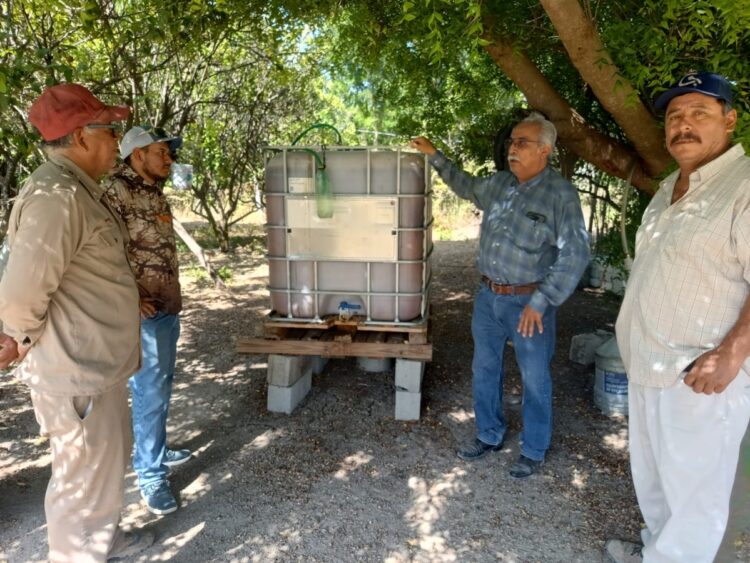 Bioinsumos abren camino a la recuperación de huertas citrícolas en Güémez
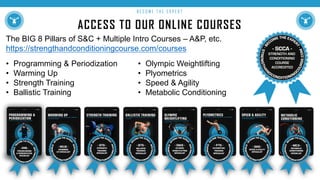 ACCESS TO OUR ONLINE COURSES
B E C O M E T H E E X P E R T
The BIG 8 Pillars of S&C + Multiple Intro Courses – A&P, etc.
https://strengthandconditioningcourse.com/courses
• Programming & Periodization
• Warming Up
• Strength Training
• Ballistic Training
• Olympic Weightlifting
• Plyometrics
• Speed & Agility
• Metabolic Conditioning
 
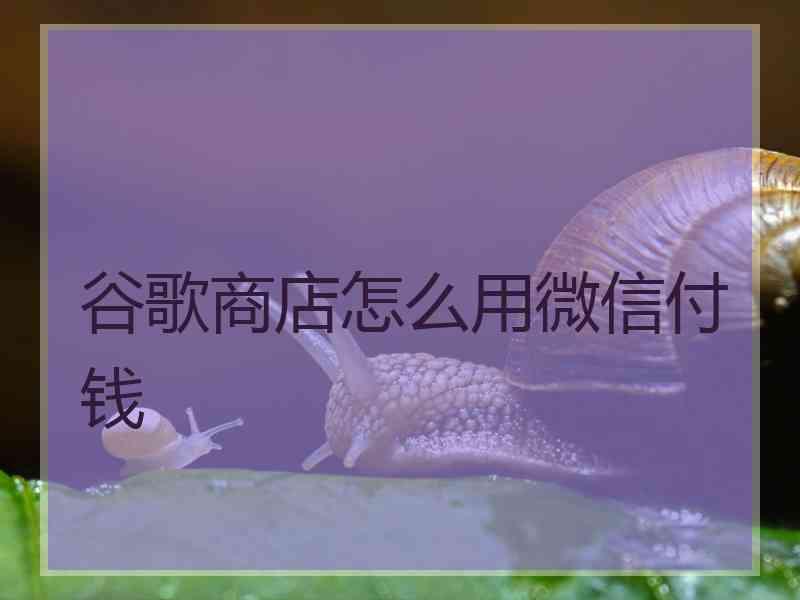 谷歌商店怎么用微信付钱
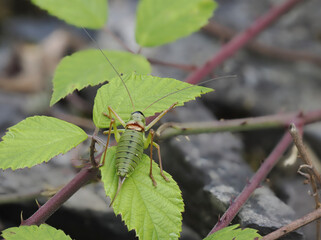 Steppen-Sattelschrecke (Ephippiger ephippiger)
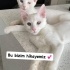 Ücretsiz sahiplenme lütfen okuyun fotoğraf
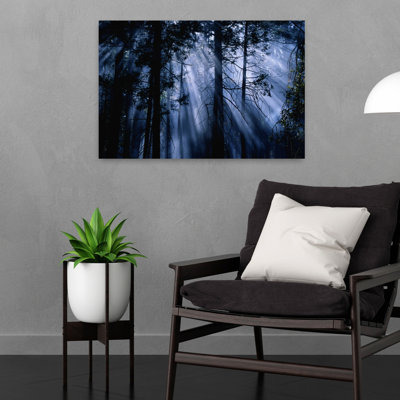 Trees Yosemite National Park Ca Peaceful Abstract Contemporary Cedar Oak Pine Forest Nature Art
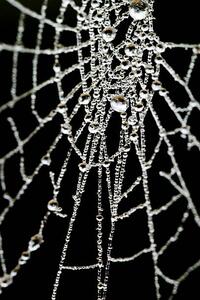 Fotografija Spider Web, samveitch, (26.7 x 40 cm)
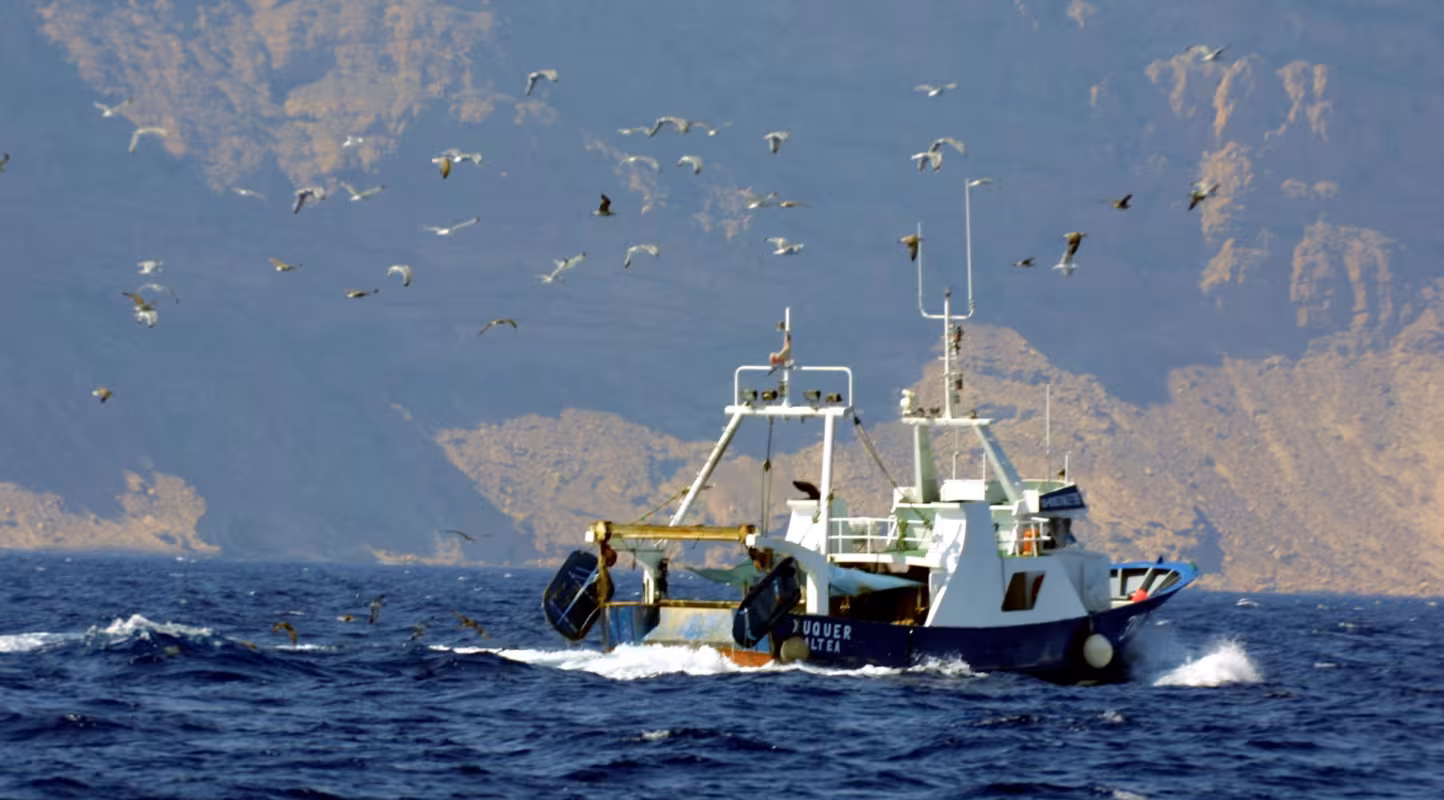 Croatie : les petits pêcheurs s’engagent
###
-- WHAT TO PRODUCE --
Every line above holding the string "Training" should be listed.

-- SOLUTION --
• Strength Training
• Ballistic Training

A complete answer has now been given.